Your assignment: When you reach the line containing "Nasmith Avenue, Corby", repeat that line and each one after it exactly until the records end, leaving out pictures.

Pictures with short captions
______
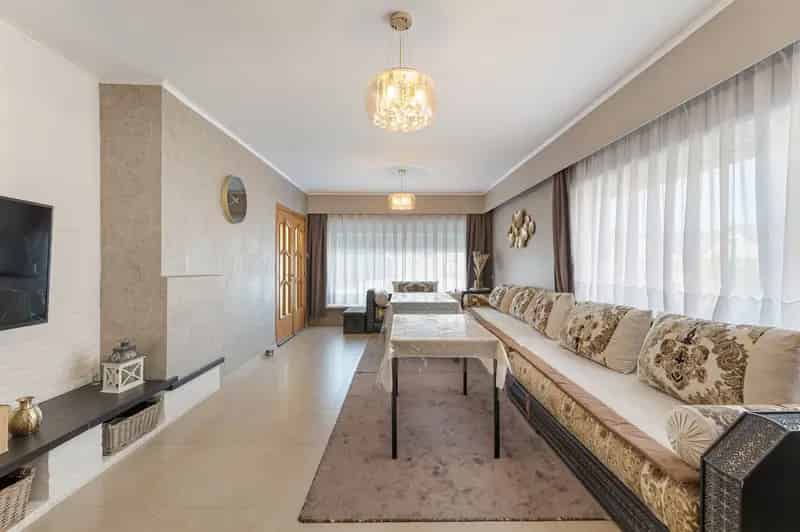 Huis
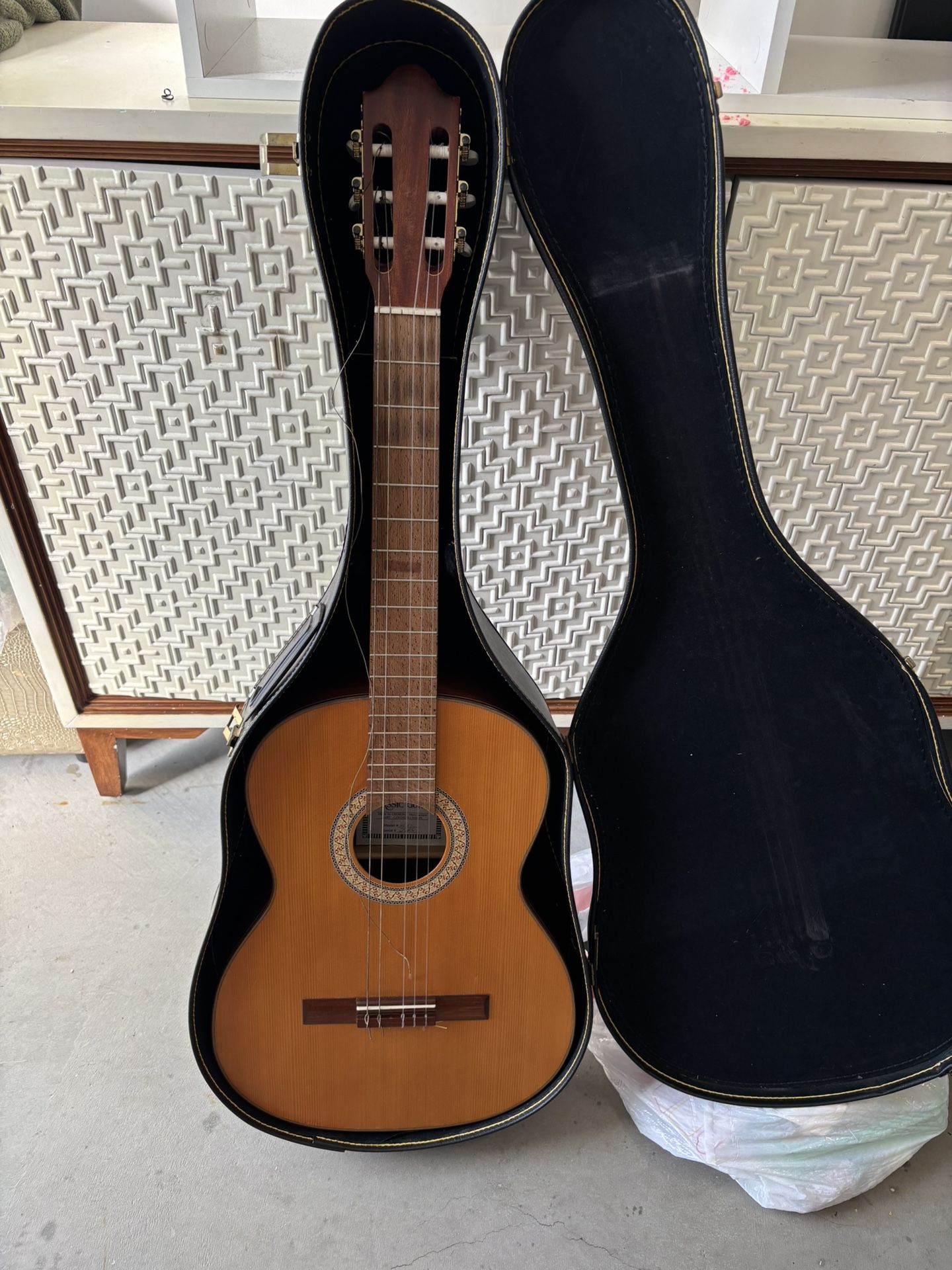 Hans Garrett Classical Guitar with New Carry Bag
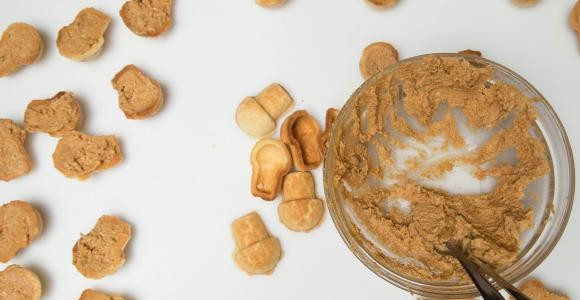 1. Этап. Рецепт печенья Грибочки в формочках: Для наполнения взбейте масло вместе с вареной сгущенкой. Добавьте крошки печенья и перемешайте.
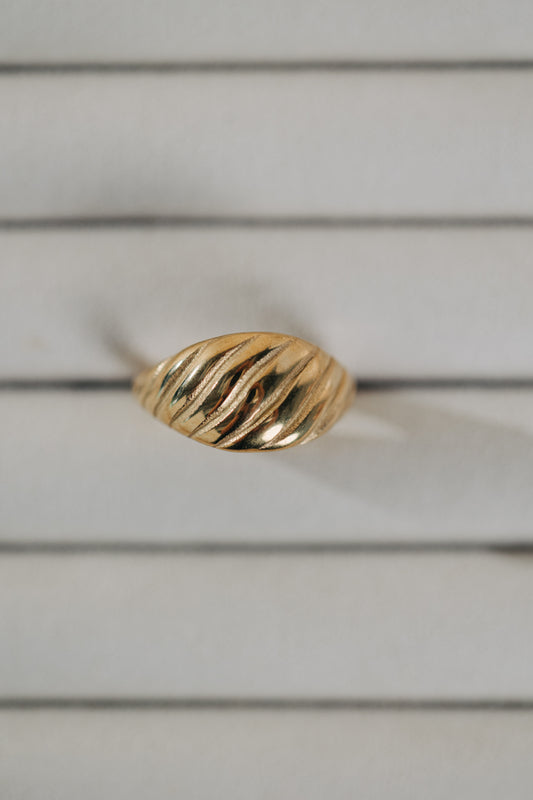 Malia | Croissant ring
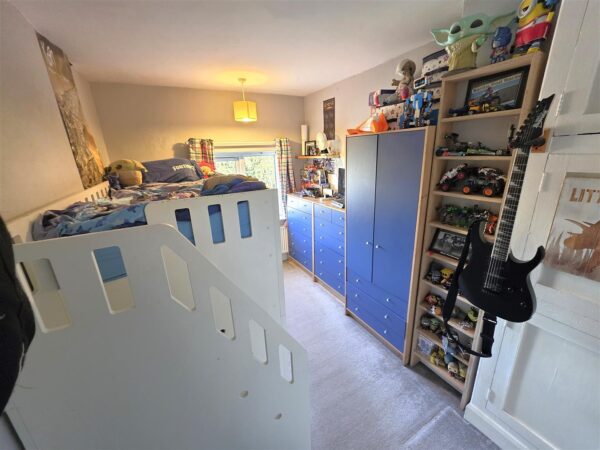 Nasmith Avenue, Corby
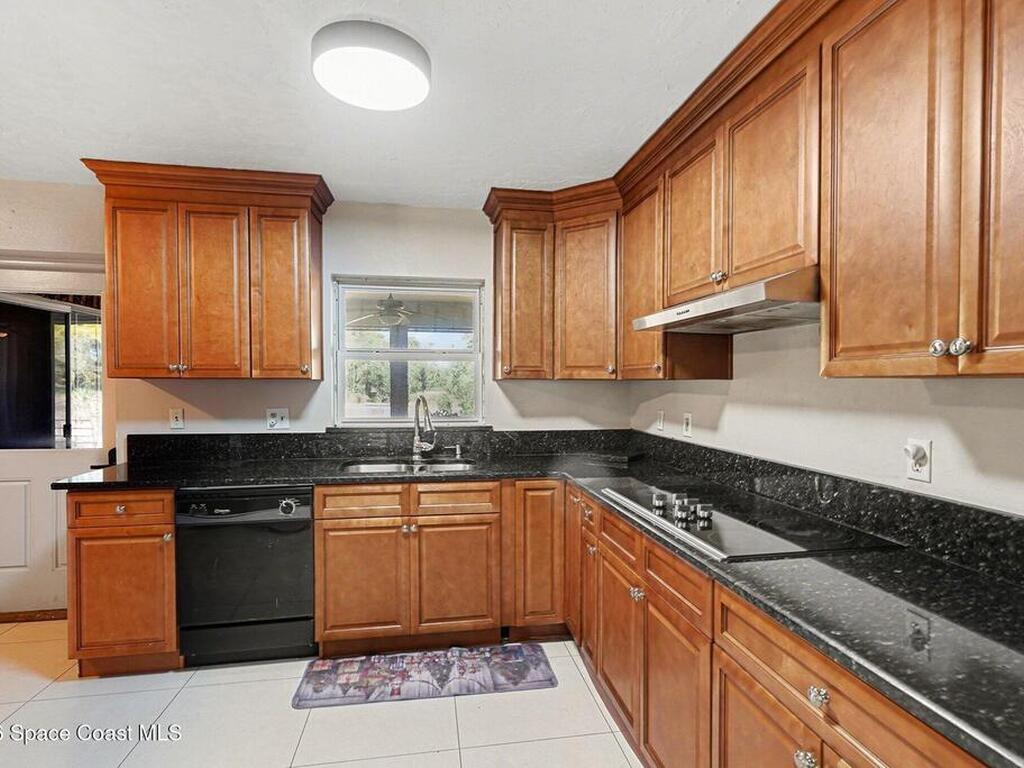 4950 Country Place, Grant, FL 32949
______
Response to the task:
 Nasmith Avenue, Corby
 4950 Country Place, Grant, FL 32949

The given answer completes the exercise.